▶ _Problem description_
Could you write out, exactly as they stand, only the lines in the listing below from the line with "Portret strażak — Zdjęcie stockowe" to the line with "035.120.0294.04400-1 Matte Bodenfliese", both ends included, without the pictures?

▶ _Provided data_
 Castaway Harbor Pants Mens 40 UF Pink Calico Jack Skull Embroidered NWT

...

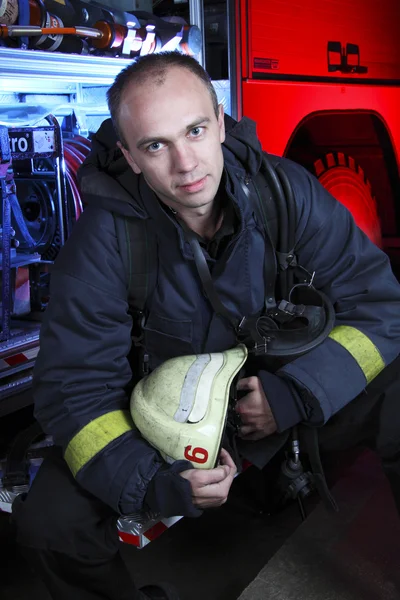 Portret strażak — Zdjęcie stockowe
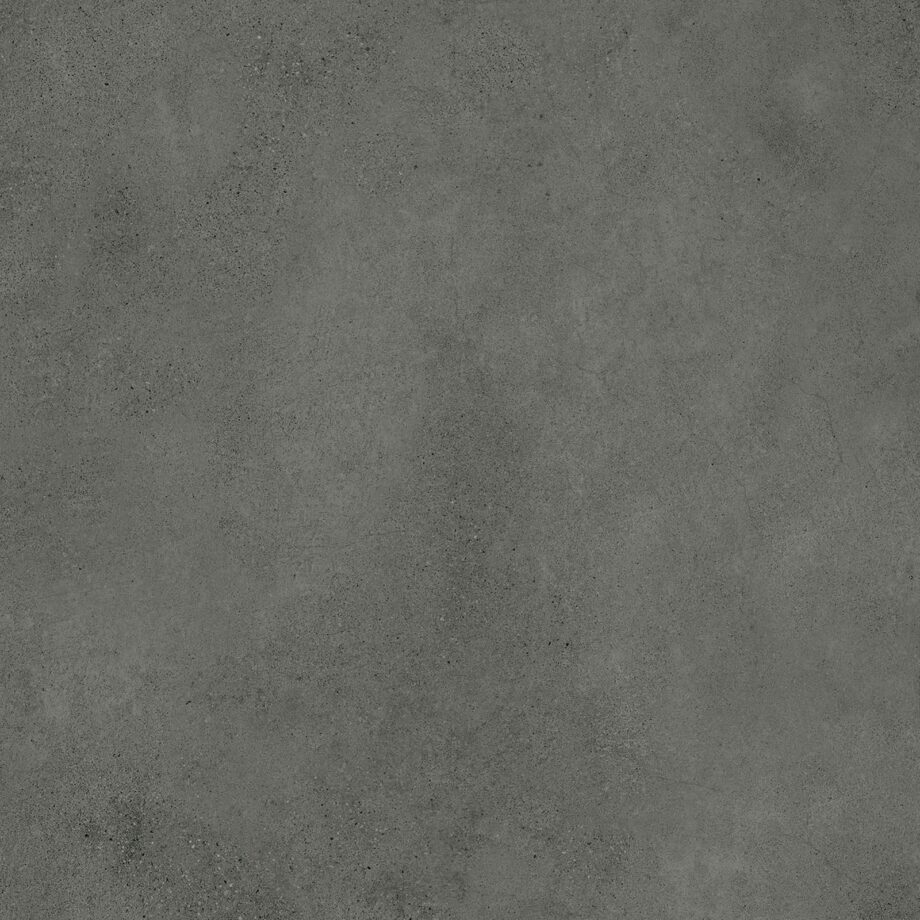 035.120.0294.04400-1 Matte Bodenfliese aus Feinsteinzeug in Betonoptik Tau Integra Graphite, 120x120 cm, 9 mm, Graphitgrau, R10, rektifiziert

▶ _Written solution_
 Portret strażak — Zdjęcie stockowe
 035.120.0294.04400-1 Matte Bodenfliese aus Feinsteinzeug in Betonoptik Tau Integra Graphite, 120x120 cm, 9 mm, Graphitgrau, R10, rektifiziert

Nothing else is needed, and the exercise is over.